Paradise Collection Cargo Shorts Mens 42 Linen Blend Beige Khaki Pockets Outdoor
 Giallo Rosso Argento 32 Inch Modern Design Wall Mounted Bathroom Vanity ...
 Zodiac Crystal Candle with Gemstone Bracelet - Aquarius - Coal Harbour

Work order —
Retype the whole of the listing. Nothing may be altered or omitted.

Solution to this exercise —
Paradise Collection Cargo Shorts Mens 42 Linen Blend Beige Khaki Pockets Outdoor
 Giallo Rosso Argento 32 Inch Modern Design Wall Mounted Bathroom Vanity ...
 Zodiac Crystal Candle with Gemstone Bracelet - Aquarius - Coal Harbour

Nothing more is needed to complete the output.